Figure 8 illustrates the engagement dynamics of Reddit posts, comparing post length to user engagement across subreddits dedicated to anime, movies, and television. Each dot represents an individual post, with its size corresponding to the score, which is a proxy for the post’s popularity or engagement level.
This analysis reveals a dense clustering of posts with scores under 10,000 across all subreddits, with post lengths predominantly falling below 2000 characters. This suggests that shorter posts are more common, regardless of the subreddit category. Interestingly, there is a visible trend where posts with higher scores tend to have shorter lengths, indicating that more concise posts may resonate better with the audience or are more likely to be engaged with.
The larger-sized dots, indicating posts with exceptionally high scores, are predominantly short and are scattered across all three subreddits. This may indicate that highly engaging posts, which are likely to go viral or hit the front page of Reddit, tend to be concise.
This insight can inform content creators and marketers about optimal post lengths for audience engagement in different entertainment categories on Reddit.
Figure 9 illustrates the engagement dynamics of Reddit posts, comparing post length to user engagement within submissions that have media as well as those that don’t have media. Each dot represents an individual post, with its size corresponding to the score, which is a proxy for the post’s popularity or engagement level.
From Figure 9, it seems that posts with media tend to have a higher score regardless of post length, as indicated by the concentration of orange dots across all lengths, especially in the higher score region. There are some high-scoring posts without media, but these are less frequent as the score increases. This suggests that including media in a post could potentially lead to higher engagement on Reddit.
We further analysed the percentage of posts with and without media across the three subreddits.
From Figure 10 we can see that the percentage of posts with media is significantly higher than those without across all three subreddits.
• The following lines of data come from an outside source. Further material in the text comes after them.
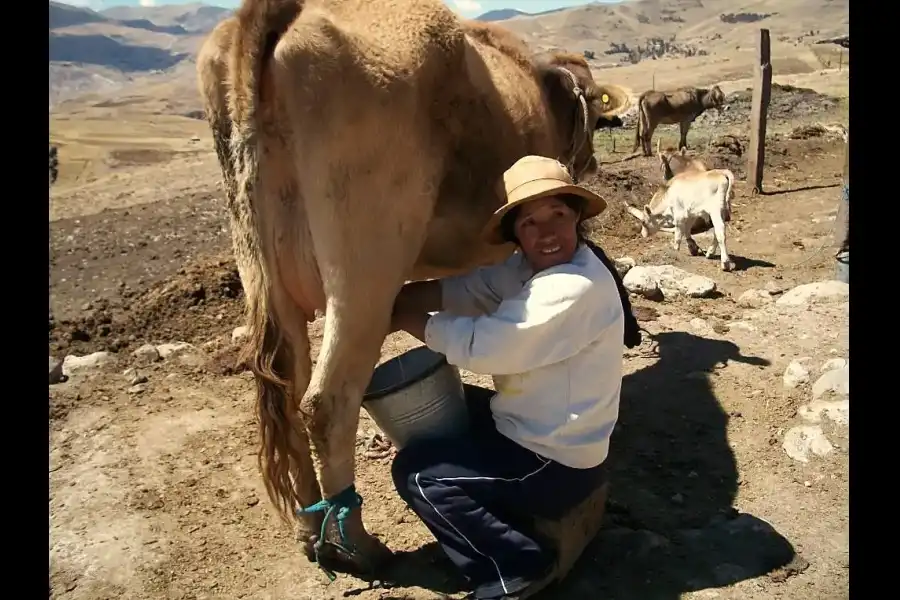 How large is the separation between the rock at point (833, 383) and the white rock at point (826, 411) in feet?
0.22

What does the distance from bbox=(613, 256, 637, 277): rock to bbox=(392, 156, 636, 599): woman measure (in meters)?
4.15

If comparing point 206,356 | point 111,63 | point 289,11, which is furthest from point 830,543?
point 111,63

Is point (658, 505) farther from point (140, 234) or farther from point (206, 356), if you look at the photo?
point (140, 234)

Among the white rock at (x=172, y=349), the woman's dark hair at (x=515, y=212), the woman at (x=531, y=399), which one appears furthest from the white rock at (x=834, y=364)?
the white rock at (x=172, y=349)

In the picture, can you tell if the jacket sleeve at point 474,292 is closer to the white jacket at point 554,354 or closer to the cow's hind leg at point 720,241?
the white jacket at point 554,354

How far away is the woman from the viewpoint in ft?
8.61

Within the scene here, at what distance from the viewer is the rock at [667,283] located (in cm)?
628

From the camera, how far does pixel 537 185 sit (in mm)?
2723

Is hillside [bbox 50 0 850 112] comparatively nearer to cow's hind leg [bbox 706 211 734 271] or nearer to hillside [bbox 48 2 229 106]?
hillside [bbox 48 2 229 106]

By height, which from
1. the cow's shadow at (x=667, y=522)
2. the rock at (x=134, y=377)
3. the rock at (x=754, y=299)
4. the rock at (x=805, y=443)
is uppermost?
the rock at (x=754, y=299)

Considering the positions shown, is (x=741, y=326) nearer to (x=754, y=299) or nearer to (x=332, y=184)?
(x=754, y=299)

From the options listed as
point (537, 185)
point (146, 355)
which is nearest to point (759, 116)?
point (146, 355)

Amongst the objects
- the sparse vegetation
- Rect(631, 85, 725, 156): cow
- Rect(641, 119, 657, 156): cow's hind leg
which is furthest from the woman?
the sparse vegetation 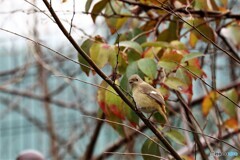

The “movies” subreddit has the highest percentage of posts with media (89.75%), followed by “television” (83.64%), and “anime” (82.56%). Conversely, the percentage of posts without media is the lowest in the “movies” subreddit (10.25%), which correlates with the earlier observation that media content is prevalent in high-engagement posts.
Overall, these three graphs gives us insights about engagement on Reddit which suggest that not only is the presence of media a factor, but so is the length of the post. Content creators could use this information to optimize their posts for better engagement by creating concise posts that include media, and targeting their efforts towards subreddits where these types of posts perform well.